Monitoring Failover Cluster Patching

Monitoring Failover Cluster Patching

Windows Failover Clustering is a great way to run services like DHCP, Hyper-V, etc. resiliently. Microsoft makes it easy to schedule patching using Cluster Aware Updating.
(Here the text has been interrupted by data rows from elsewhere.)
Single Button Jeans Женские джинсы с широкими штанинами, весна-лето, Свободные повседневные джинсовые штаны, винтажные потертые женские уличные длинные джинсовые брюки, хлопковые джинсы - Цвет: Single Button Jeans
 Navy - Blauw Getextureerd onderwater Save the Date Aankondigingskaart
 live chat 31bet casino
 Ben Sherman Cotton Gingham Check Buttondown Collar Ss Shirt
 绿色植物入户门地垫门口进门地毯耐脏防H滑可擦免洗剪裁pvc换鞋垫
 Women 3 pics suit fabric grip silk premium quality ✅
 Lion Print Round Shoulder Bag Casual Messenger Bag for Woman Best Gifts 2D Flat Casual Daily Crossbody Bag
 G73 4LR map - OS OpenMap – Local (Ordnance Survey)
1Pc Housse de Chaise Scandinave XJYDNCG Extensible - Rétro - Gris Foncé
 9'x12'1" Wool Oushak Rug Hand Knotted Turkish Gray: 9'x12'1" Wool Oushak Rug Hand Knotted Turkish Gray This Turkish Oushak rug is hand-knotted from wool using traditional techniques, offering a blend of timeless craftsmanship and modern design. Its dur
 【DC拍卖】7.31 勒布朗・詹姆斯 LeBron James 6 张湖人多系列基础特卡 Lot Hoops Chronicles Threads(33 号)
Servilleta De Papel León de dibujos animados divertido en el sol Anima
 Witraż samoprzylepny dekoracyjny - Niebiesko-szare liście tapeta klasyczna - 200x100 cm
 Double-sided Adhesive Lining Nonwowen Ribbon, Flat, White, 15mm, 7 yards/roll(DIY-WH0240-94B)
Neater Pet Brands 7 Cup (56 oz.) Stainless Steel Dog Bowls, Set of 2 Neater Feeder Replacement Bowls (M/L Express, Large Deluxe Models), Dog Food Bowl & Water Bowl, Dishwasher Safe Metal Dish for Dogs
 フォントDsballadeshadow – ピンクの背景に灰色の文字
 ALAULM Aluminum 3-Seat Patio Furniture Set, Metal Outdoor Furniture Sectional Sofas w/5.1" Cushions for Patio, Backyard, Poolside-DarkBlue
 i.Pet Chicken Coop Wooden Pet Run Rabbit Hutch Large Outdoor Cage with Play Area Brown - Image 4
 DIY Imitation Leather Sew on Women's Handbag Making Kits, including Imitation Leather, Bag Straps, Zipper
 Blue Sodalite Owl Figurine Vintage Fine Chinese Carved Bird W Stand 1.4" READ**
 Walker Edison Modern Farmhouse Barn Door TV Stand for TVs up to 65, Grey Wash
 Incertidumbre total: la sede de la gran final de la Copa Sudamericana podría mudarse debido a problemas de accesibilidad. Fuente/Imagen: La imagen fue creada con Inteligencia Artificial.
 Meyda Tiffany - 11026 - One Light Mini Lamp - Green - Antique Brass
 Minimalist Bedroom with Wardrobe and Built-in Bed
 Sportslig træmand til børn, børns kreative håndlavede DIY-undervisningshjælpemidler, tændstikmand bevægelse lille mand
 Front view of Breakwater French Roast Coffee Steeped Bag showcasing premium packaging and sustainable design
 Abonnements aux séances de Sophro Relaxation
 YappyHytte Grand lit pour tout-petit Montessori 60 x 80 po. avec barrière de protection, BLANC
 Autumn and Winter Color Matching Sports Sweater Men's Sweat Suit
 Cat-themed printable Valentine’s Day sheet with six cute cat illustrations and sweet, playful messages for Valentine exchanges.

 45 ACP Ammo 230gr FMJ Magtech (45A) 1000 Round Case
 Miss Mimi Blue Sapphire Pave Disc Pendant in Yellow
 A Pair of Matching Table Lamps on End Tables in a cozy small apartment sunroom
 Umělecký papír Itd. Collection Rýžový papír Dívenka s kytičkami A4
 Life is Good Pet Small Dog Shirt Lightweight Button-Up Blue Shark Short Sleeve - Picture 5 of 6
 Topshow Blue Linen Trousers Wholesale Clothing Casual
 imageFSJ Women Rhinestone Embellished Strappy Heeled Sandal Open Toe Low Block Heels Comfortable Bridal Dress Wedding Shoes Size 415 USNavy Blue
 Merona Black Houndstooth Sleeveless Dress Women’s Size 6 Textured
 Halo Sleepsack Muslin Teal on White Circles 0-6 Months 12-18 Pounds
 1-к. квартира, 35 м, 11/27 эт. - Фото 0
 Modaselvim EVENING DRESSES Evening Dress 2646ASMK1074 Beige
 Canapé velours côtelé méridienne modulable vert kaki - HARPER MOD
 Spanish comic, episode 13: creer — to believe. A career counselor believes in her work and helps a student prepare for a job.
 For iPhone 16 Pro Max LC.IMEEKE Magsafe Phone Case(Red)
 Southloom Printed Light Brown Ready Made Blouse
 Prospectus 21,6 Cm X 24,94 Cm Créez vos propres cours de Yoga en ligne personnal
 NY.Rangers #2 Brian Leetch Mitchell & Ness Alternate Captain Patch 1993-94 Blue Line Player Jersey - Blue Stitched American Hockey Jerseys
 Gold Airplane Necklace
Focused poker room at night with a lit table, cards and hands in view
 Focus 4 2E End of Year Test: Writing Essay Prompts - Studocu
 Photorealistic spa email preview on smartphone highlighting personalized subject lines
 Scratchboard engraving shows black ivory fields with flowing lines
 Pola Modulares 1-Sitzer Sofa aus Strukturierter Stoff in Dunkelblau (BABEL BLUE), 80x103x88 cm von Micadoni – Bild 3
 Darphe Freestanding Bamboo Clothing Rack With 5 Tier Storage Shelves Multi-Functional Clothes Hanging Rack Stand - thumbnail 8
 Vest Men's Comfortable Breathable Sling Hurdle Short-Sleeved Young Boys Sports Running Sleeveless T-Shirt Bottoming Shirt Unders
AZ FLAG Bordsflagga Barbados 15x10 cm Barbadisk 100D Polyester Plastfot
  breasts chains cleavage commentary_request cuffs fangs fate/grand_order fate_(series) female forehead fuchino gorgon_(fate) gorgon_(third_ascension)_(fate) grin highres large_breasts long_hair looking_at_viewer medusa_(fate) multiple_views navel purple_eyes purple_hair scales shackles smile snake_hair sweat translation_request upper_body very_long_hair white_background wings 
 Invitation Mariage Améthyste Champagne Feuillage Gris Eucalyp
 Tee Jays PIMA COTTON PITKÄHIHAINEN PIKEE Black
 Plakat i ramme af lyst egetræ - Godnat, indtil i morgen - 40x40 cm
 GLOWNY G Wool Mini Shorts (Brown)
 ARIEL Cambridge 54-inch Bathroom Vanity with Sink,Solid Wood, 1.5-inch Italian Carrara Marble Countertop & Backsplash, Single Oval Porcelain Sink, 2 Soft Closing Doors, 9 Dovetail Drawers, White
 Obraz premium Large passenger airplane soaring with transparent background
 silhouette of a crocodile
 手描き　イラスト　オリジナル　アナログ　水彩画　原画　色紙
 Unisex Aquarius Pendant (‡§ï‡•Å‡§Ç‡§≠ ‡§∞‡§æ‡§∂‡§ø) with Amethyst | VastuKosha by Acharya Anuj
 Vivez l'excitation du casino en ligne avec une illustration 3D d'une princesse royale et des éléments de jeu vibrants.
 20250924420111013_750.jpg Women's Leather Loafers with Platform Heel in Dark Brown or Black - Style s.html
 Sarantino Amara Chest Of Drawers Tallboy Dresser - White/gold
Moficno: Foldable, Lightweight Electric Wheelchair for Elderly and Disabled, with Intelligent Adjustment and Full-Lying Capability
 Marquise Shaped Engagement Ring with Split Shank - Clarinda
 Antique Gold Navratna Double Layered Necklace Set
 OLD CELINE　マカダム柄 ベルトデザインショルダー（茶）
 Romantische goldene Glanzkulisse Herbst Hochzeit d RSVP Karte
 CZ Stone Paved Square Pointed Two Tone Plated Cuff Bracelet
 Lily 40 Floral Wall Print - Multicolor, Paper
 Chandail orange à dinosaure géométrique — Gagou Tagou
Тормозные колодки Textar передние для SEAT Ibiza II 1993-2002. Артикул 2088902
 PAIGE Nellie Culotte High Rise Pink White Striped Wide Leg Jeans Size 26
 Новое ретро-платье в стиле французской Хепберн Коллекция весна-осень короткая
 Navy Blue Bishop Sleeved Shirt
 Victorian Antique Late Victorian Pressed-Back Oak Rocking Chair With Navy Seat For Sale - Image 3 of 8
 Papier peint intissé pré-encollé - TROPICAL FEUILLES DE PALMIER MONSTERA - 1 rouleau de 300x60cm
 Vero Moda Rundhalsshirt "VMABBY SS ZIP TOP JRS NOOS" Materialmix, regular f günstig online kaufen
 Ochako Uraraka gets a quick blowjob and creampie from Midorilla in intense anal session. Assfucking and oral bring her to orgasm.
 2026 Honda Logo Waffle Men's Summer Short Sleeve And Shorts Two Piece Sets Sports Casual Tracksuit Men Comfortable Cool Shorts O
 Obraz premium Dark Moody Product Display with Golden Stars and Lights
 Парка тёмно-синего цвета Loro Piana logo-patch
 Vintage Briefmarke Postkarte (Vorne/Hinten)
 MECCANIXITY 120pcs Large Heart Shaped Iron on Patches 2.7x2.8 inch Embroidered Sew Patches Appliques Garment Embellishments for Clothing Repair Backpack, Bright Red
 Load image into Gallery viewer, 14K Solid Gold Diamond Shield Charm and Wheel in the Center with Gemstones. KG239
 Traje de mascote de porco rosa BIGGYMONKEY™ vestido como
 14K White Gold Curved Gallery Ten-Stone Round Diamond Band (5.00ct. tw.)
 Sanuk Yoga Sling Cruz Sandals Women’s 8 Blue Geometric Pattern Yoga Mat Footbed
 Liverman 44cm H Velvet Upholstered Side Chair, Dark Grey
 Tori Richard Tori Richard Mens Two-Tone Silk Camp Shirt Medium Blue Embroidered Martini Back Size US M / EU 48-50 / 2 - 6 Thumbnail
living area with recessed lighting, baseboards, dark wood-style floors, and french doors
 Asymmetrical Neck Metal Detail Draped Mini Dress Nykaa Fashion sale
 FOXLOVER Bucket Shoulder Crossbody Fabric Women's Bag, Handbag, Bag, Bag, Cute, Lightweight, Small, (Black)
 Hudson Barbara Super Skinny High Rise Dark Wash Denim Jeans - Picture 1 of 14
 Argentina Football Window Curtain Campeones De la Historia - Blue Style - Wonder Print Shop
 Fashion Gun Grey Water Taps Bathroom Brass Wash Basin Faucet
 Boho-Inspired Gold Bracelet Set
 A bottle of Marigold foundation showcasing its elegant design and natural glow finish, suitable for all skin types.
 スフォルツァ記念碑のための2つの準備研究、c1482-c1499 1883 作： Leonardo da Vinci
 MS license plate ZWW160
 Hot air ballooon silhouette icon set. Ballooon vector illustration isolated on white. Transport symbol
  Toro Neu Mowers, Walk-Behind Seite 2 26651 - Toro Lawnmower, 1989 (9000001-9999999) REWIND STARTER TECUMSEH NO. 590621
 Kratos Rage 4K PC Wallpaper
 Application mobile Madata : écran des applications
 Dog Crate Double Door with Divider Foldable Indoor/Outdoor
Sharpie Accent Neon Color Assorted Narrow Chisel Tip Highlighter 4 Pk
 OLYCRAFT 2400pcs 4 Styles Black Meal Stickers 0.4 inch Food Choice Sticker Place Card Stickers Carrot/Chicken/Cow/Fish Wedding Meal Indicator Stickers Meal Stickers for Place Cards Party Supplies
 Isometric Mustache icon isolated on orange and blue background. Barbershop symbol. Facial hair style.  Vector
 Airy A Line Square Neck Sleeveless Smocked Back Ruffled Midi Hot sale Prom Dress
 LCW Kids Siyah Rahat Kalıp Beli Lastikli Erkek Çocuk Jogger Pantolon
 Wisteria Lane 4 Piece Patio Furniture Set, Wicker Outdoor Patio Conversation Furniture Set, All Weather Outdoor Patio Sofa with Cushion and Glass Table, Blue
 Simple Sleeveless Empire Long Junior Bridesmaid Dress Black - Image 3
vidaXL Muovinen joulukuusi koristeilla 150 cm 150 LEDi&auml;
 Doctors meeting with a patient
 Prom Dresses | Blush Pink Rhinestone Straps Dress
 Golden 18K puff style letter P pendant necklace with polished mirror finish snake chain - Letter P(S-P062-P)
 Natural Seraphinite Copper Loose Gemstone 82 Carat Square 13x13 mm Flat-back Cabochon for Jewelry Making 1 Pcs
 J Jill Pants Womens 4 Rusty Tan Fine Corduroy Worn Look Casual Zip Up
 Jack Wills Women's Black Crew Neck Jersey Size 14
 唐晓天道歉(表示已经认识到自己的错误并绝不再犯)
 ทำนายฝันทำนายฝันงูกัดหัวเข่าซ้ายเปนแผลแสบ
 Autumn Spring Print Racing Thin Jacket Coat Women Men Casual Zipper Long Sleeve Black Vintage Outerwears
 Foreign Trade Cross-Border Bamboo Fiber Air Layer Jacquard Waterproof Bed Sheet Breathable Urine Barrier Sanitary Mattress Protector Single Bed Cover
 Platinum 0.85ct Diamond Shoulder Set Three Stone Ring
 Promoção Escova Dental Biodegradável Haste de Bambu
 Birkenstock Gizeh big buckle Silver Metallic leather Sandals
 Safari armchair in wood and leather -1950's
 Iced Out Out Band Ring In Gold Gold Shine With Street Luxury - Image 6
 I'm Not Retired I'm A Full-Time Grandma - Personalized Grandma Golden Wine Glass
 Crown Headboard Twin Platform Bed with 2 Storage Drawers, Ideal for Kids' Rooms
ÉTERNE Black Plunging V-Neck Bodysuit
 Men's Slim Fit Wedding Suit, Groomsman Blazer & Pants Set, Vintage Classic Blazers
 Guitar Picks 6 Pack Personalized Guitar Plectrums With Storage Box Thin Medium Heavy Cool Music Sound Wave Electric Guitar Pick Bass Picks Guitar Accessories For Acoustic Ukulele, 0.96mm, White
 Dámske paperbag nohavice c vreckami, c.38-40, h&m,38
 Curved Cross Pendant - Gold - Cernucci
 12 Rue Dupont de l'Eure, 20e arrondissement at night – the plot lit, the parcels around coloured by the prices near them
Once you have Cluster Aware Updating setup, you'll need to monitor it.

First let's get the results of the last run:

$ Get-CauReport -Last

ClusterName			: hv-clstr
Status				: Succeeded
StartTimestamp			: 12/11/2020 3:00:00 AM
CountOfSucceededResults		: 6
CountOfFailedResults		: 0
CountOfCanceledResults		: 0
HadTransientInstallError	: False

If the Status field is Succeeded, great, your last run succeeded and the CountOfSucceededResults field shows that 6 updates were installed (in my case, 3 on each node of the cluster).

If there is a failure, add the -Detailed flag to get more results about the failure:

$ Get-CauReport -Last -Detailed

ClusterName					: hv-clstr
ClusterResult.Status				: Failed
ClusterResult.RunDuration			: 4:35:00
ClusterResult.NodeResults			: {...}
ClusterResult.ErrorRecordData		: MaxFailedNodes limit (0) exceeded.

If ClusterResult.Status is Failed, then we can look at ClusteResult.ErrorRecordData for the failure reason and ClusterResult.NodeResults for the results on individual nodes.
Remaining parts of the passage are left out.